合気道小林道場 Aikido Kobayashi Dojo

その1 平成7年4月

 阪神大震災の被害に合われた方々に心よりお見舞い申し上げます。

 私が地震を知ったのは明大合気道部の寒稽古の為、朝5時40分に家を出 て府中街道を走っているときです。第一報は東京震度1、神戸震度4とラジオで放送していました。稽古が終わり帰宅の車のラジオで高速道路の崩壊、ビルや家の火災が報じられているのを聞き、事の重大さを知りました。

 私は東京で戦災、家内は栃木県で今市地震を体験しております。今市地震も歴史に残るような被害で外でのテント生活も一ヶ月以上したそうです。人事ではありませんが、私達ができる事は、被害に合われた方々に気持ちばかりの義援金をさせて頂く事ぐらいです。一日でも早く正常の生活が出来ますよう願っております。

 さて、今年はドイツ合気会30周年、また合気道小林道場と姉妹道場を結んでおります台湾龍山区合気道委員会20周年、合気道小林道場の内弟子第一号の鹿内一民師範ブラジル在住20周年記念講習会がリオデジャネイロで行われます。

 私が招待されますと共に、会員の皆さんが参加できるツアーが計画されています。

 外国での合気道普及の第一歩は、1953年の夏フランスで始まりました。その後、54年ハワイで、また、アジアでは同じ年にビルマ(現ミャンマー)の警察学校で稽古が始まっております。

 私が合気道の稽古を始めたのが1955年4月、大学に入学と同時でした。私は中学生の時から柔道を講道館で稽古をしており、その時知り合いました友人の紹介で合気道を見学に行きました。当時合気道といってもほとんど知る人もいません。現道主の植芝吉祥丸先生が会社に勤務されており、朝と夜の稽古のみで、本部道場といっても1回の稽古に10名〜15名で稽古しているような状態でした。

 1955年6月に、戦後初めて日本橋の高島屋の屋上で公開演武が行われたのを私は見学しております。冬には当時高輪にありました迎賓館で各国大使を招待した説明演武会が開催され、私も先輩の受けをとるために参加しておりました。恥ずかしい話ですが、当日雨が降っており、私は迎賓館とは知らず長靴で行きました。入り口で長靴を脱がされ、裸足で歩かされたのを鮮明に覚えております。

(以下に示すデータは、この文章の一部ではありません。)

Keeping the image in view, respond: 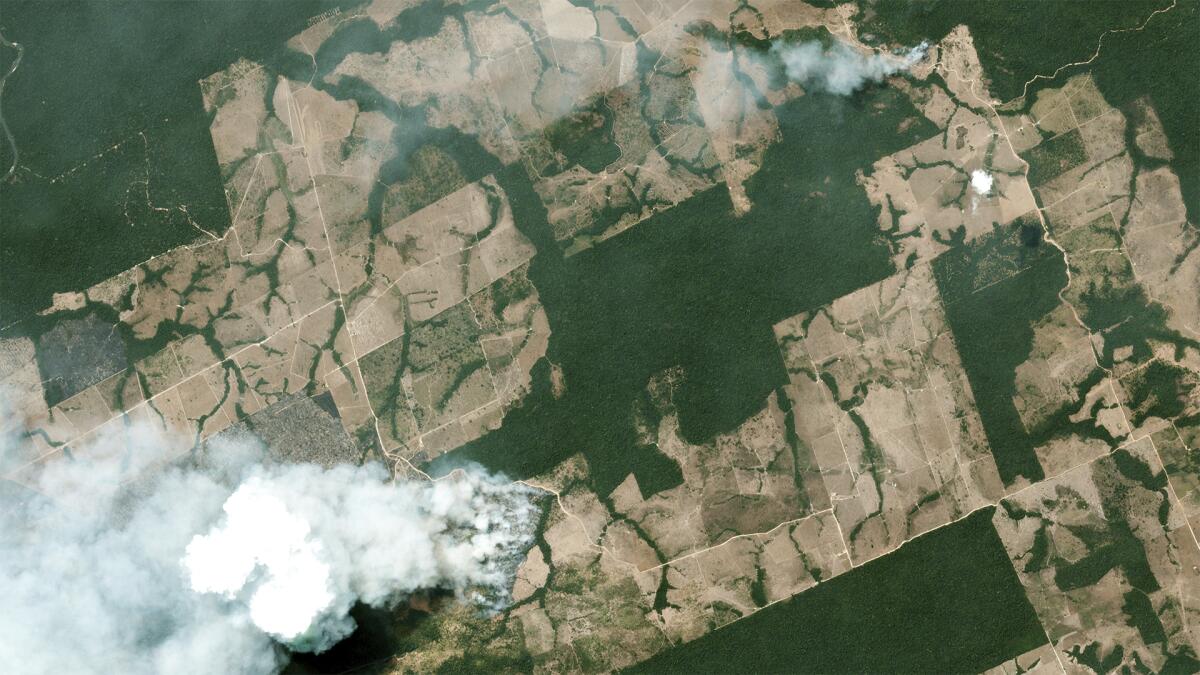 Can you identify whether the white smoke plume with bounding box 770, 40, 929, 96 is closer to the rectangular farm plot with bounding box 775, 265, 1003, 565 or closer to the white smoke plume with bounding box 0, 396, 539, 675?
the rectangular farm plot with bounding box 775, 265, 1003, 565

 当時の本部道場には内弟子制度があり、合気道の専門家を目指す人、住み込みながら勤めに通う人や学校に通うひと、なんだか良く分からない居候など、個性溢れる人の集まりでした。私も大学の授業よりも稽古の方が面白く、一日道場にいるようになりました。

 合気道創始者植芝盛平先生は、私が入門した時にはまだ70歳で、お元気で稽古されておられました。突然住まわれている茨城県岩間から上京され、気が向くと道場で指導され、そしていつの間にかまた岩間に帰られてしまいます。

 植芝盛平先生は今後二度と出ないと言われるような武道家でした。ピストルで撃たれた時、相手の撃とうと思う意志が、事前に光の玉となって飛んでくるのを感知し、それをさけたと言う話や、当時現役の関脇天竜を投げ飛ばした話など数限りなくあるような方です。

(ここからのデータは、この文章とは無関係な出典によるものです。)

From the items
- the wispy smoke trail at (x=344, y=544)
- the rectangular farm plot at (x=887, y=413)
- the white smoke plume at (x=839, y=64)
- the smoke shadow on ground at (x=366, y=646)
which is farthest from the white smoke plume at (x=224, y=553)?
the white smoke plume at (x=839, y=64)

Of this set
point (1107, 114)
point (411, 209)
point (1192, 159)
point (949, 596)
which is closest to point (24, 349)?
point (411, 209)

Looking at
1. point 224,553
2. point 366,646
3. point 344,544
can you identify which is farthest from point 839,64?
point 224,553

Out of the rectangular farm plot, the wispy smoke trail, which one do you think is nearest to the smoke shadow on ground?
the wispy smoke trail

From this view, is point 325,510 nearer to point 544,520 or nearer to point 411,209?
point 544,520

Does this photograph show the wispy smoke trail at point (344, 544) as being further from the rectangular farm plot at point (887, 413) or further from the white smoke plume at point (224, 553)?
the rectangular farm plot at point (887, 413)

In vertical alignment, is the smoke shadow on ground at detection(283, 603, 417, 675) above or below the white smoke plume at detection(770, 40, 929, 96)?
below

 植芝盛平先生の指導方法は、技を示すだけで技の説明はほとんど成されませんでした。歩けば技になる、手を上げれば技になるといわれ、入身投、四方投、小手返などの技をされるだけです。
 稽古中のお話は古事記や神様の話で、残念ながら私にはほとんど分かりませんでした。30分位話され突然受身をとらされますので、足が痺れ無い様にと気を使い、その方が大変でした。

 この頃より植芝吉祥丸先生は合気道普及に専念されるようになられました。私もいつの間にか押し掛け内弟子となり、指導に行かれる植芝吉祥丸先生の鞄を持ちお供したり、合気道創始者植芝盛平先生の身の回りのお世話をさせて頂く様になりました。失敗談は数限り無くあります。翁先生を熱湯のお風呂に入れようとしたり、植芝吉祥丸先生の講習会の時、先生の袴を忘れたり、電車で居眠りをしてしまい段・級証状の入った鞄を忘れたりもしました。代稽古に行けば、熱心さのあまり力いっぱい投げたり、間接を捻ったり、さすがに二週間連続して救急車を呼ぶような怪我人を出す稽古をしたときは、散々怒られました。ある道場の責任者から小林を止めさせろと怒鳴り込まれた時、植芝吉祥丸先生が一言「ああ言うとぼけた人間が道場に居てもいいじゃないですか」と言って下さり、合気道小林道場が現在あるのです。